» **Your goal**
Return each line exactly, beginning with the one that has "HEDİYELER BAŞKAN DEMİR'DEN" and finishing with the final line of the material. Drop any pictures.

» **Dataset records**
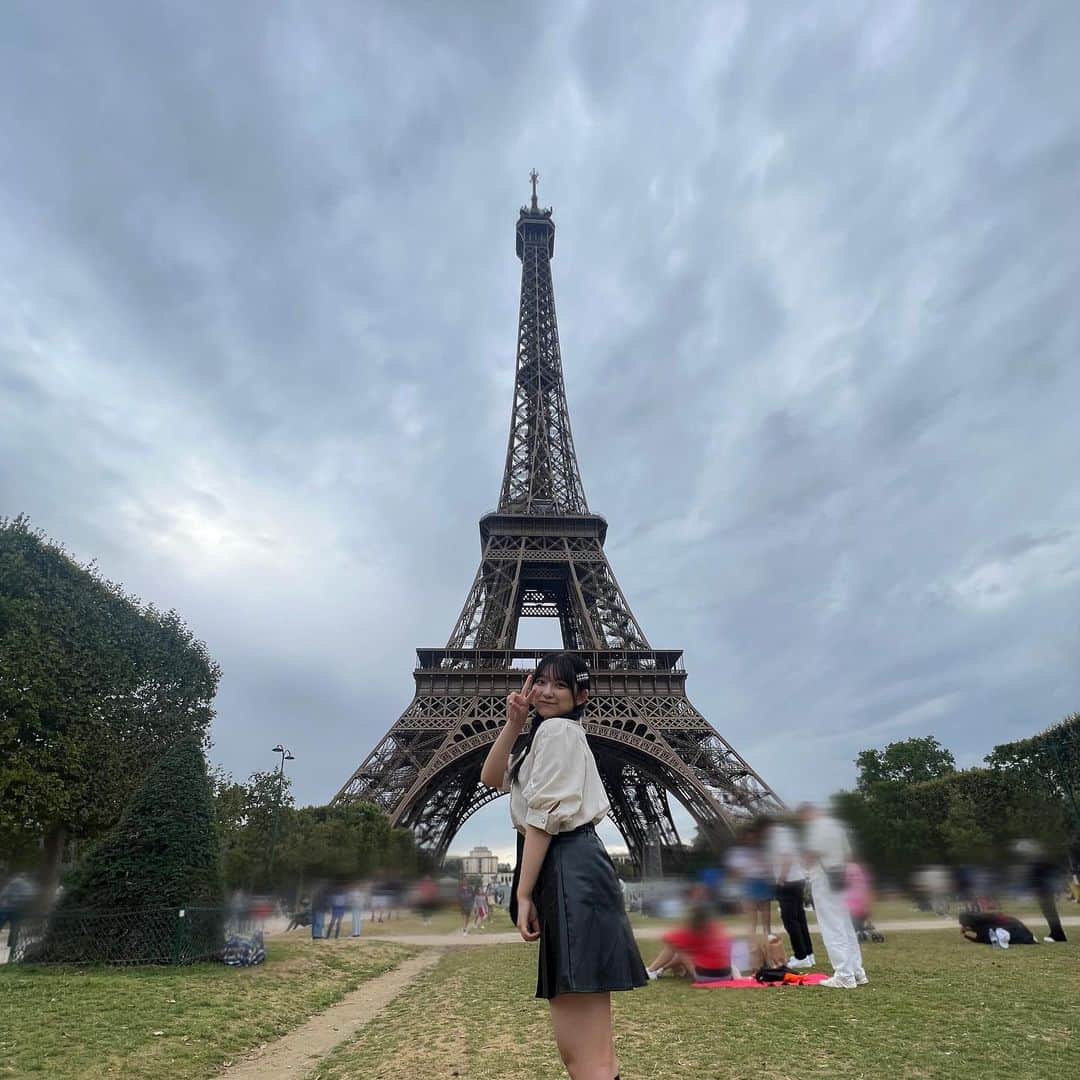 馬場彩華さんのインスタグラム写真 - (馬場彩華Instagram)「🇫🇷🗼🫏   次行く時はフランス語や英語をもっと勉強してからいこうっと…📚📖✍︎      #🇫🇷 #フランス #france #フランス旅行 #ルーヴル美術館 #凱旋門 #エッフェル塔 #ノートルダム大聖堂」8月7日 17時08分 - s2yklo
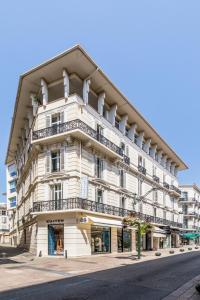 Cannes Croisette Prestige Aparthotel - About Staying Here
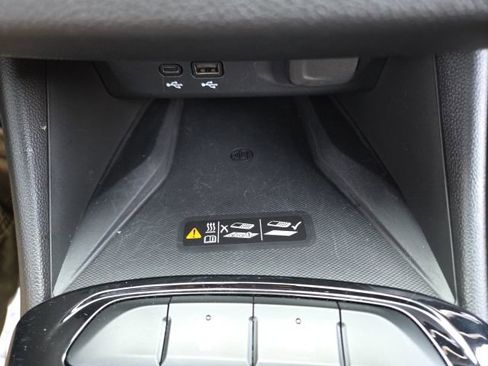 Used 2025 Buick Envista Avenir image 11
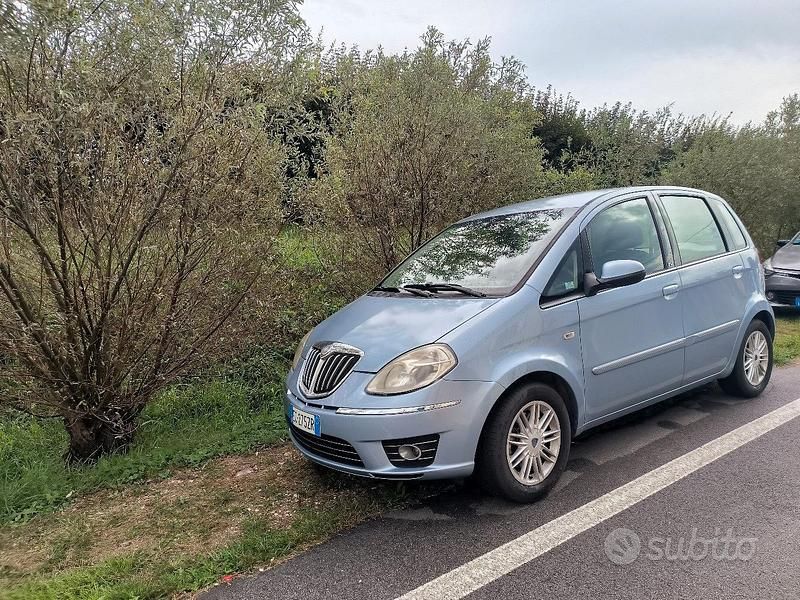 Usata Lancia Musa 90 CV (66 kW) 2010 Monovolume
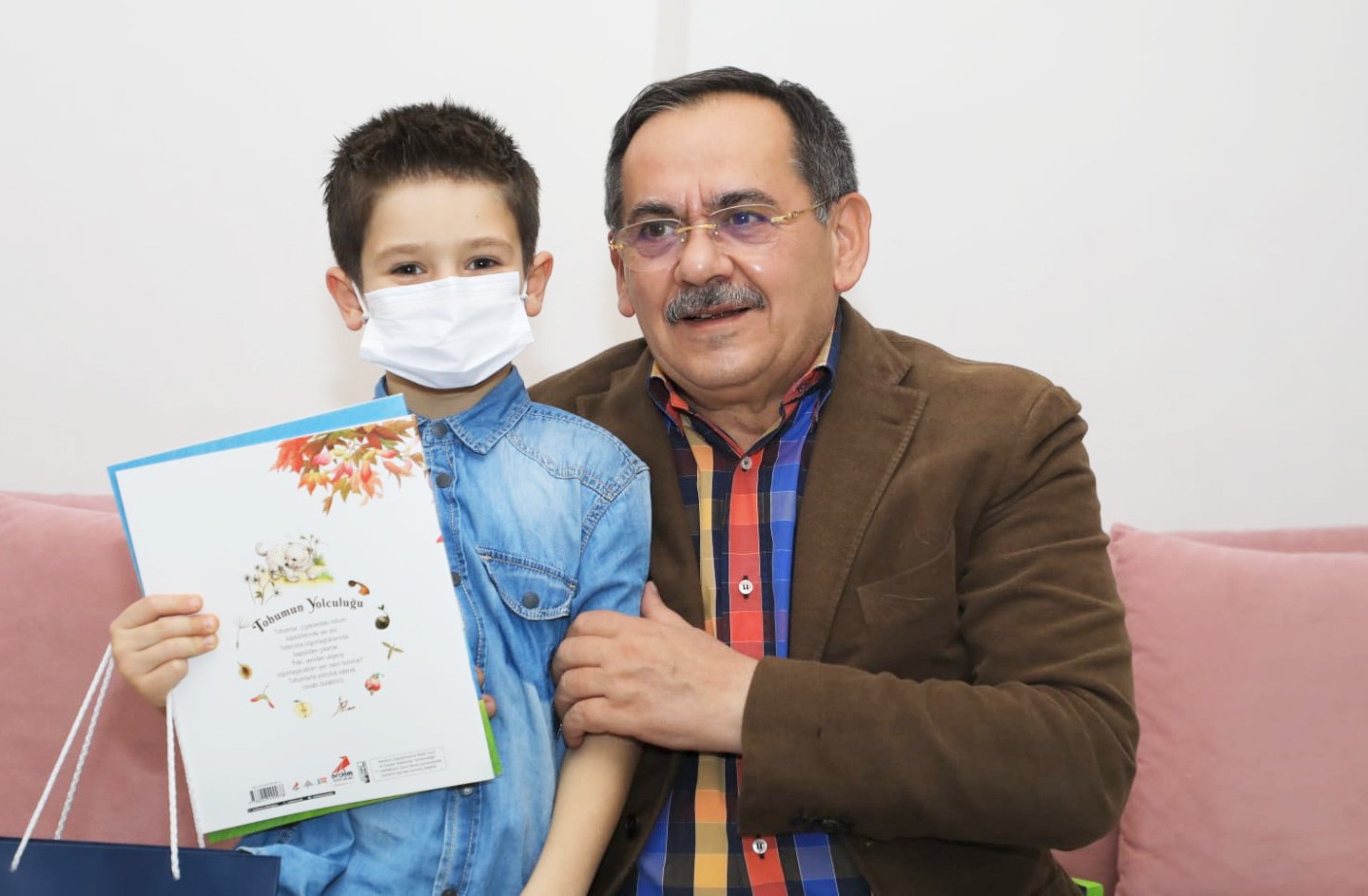 HEDİYELER BAŞKAN DEMİR'DEN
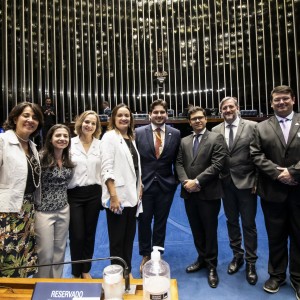 Magaly Vieira, Maria Izabel Reigada, Mary Guerra, Carolina Negri, Leonardo Volpatti e Fábio Lima e os associados Edilson Doubrawa e Alfredo Kuhn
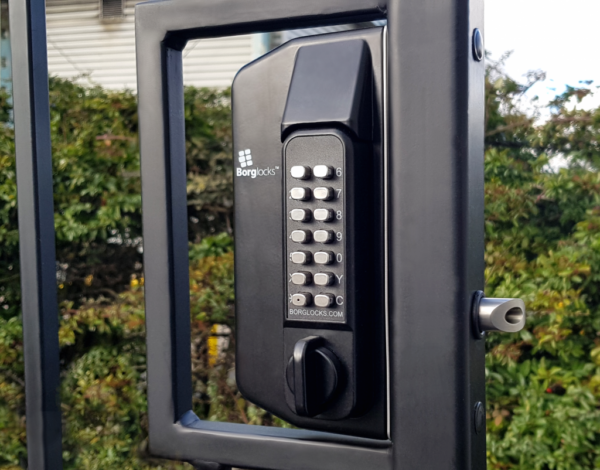 Borg BL3100ECP mechanical gate lock with keypad and inside paddle handle with 65-80mm latch - black finish with code reset function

» **Response area**
 HEDİYELER BAŞKAN DEMİR'DEN
 Magaly Vieira, Maria Izabel Reigada, Mary Guerra, Carolina Negri, Leonardo Volpatti e Fábio Lima e os associados Edilson Doubrawa e Alfredo Kuhn
 Borg BL3100ECP mechanical gate lock with keypad and inside paddle handle with 65-80mm latch - black finish with code reset function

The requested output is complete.